To conclude this section, I hope you’ll find the picture and explanation clear enough. With a bit more pixels and a bit more words than the usual “left join” figure, we can give a better recount of what joins are, how a LEFT or INNER join differs. If you’re set to read or write a lot of SQL, it’s better to build a mental model that serves well when writing and reading SQL queries. To go beyond and be able to grasp what makes a particular query costly or not efficient.

a roundabout way to grasp what SQL tables and joins are about

Furthermore, to fully grasp what a SQL join is, it may be helpful to represent a SQL table as sets rather than concrete collections of rows, but rather as predicates from a given type defined by the table’s “columns”. (I must admit that I find the terms “column” and “row” somewhat antiquated.) Say a table has two columns: age and username. Provided an Oracle function answering questions like: does the record exist with age=32 and username="bob"? Such an Oracle function would have type Age -> Name -> Boolean. Then we can enumerate all possible combinations of Age and Name to fully “reconstruct” the table. We could also “scan” the table and tell whether we found such a record, hence implementing an Oracle function. Therefore, the table data on disk and the predicate function are essentially equivalent: although a predicate could encode an infinite number of values, the table data on disk is finite and limited by storage constraints.

Using this formalism, we can write the types of our sets interpreted as oracles SetA = A -> Boolean, SetB = B -> Boolean, and hence our joined table SetC = C -> Boolean = (A x B) -> Boolean. Substituting these equivalences inside our join function SetA -> SetB -> SetC, we get that join is (A -> Boolean) -> (B -> Boolean) -> ((A x B) -> Boolean). In plain English, we have to grasp that a join is a way to produce an oracle function from two oracle functions. We don’t need any limitations about having items on disk; we don’t need to discuss foreign keys. Now the ON part that SQL forces onto you is a way to further restrict the ((A x B) -> Boolean) predicate. The LEFT, INNER, and OUTER qualifiers modify the type of the resulting set. Instead of answering on ((A x B) -> Boolean), the modified joins may start answering on ((A x B*) -> Boolean) with B* being “a B or a NULL”.

The advantage of this formalism is that it is especially powerful. Predicates can be arbitrarily complex. The problem with this formalism is that it is incredibly inefficient. Just imagine having to enumerate all the possible int and varchar(32) just to know if Bob is in the database! The most obvious optimization a database can do is store and keep only the data supposed to exist in the table rather than storing on disk all combinations of the data rows that don’t exist (note to self: it could be an interesting artistic project to create such an anti-database). As a result, databases perform clever and advanced analyses to determine if they can expedite building a result set. Such a query analysis will scrutinize whether the ON restriction uses predicates on columns that are properly indexed (e.g., an index is sorted so we can perform some dichotomic lookups).
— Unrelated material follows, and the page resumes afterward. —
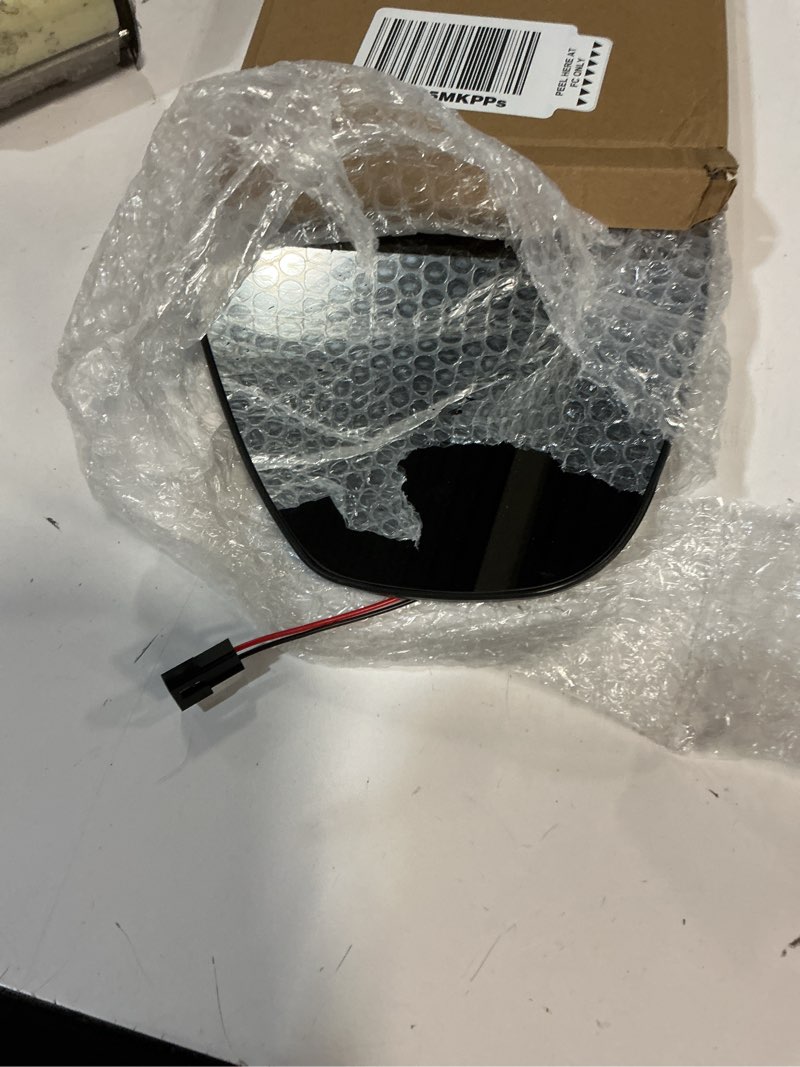 Condition photo showing As Is for Driver Left Side Heated Mirror Glass Fits for 2007-2014 Cadillac Escalade Chevy Avalanche Silverado Suburban Tahoe GMC Sierra Yukon 1500 2500 2500HD 3500HD for GM1324138 2 PIN & 4 PIN, w/o Blind Spot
More advanced analyses will check whether the predicates can be decomposed into simpler ones (e.g., a conjunction of multiple restrictions, some of which can be accelerated with indexing) or if ON and WHERE restrictions are redundant with each other.

Note that I’m not advocating in favor of teaching SQL tables and joins in terms for general users. However for backend developers who have some mileage already and feel intimidated when reaching for SQL, this formalism can be useful to map-down the complexity of SQL into a more familiar mental model. Finally, this formalism helps in bringing tricks from #constraints programming and #logic programming into your queries to make them more efficient SQL queries (things like self joins of a table on a lexicographical order).

conclusion

We should reject Venn diagrams as an illustration of SQL joins. We can do much better; I hope this article, with a non-lazy illustration and some hand-waved explanations, will prove my point. That’s all.